**INPUT DATA:**
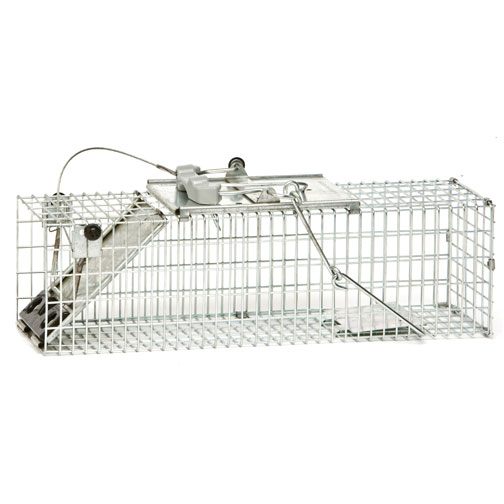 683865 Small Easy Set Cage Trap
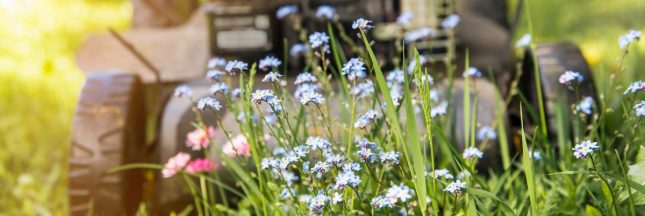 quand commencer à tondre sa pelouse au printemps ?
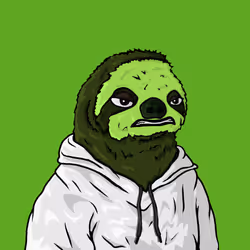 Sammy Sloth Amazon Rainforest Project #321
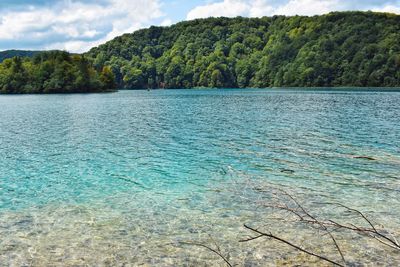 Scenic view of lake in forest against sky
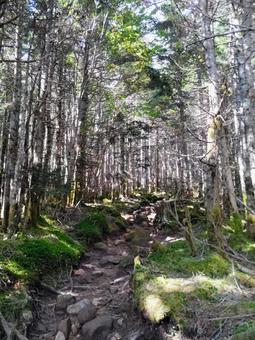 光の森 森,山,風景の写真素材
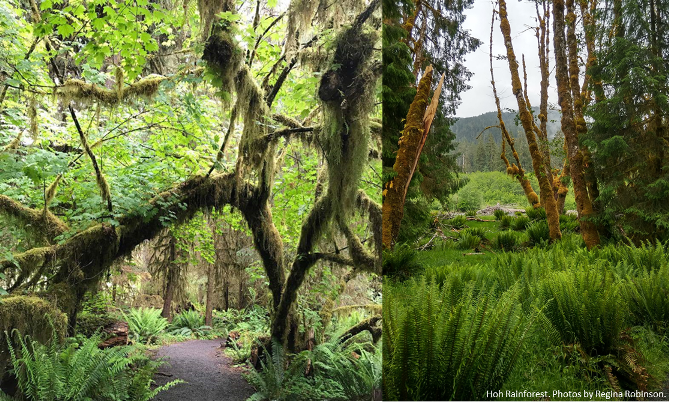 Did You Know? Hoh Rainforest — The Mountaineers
--
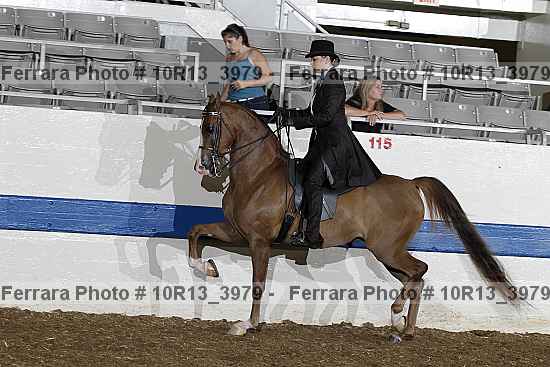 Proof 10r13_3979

**WORK REQUIRED:**
Would you please reproduce the entries above, starting at the line with "683865 Small Easy Set Cage Trap" and stopping after the line with "Did You Know?"? Omit any pictures.

**RESPONSE TO THE EXERCISE:**
 683865 Small Easy Set Cage Trap
 quand commencer à tondre sa pelouse au printemps ?
 Sammy Sloth Amazon Rainforest Project #321
 Scenic view of lake in forest against sky
 光の森 森,山,風景の写真素材
 Did You Know? Hoh Rainforest — The Mountaineers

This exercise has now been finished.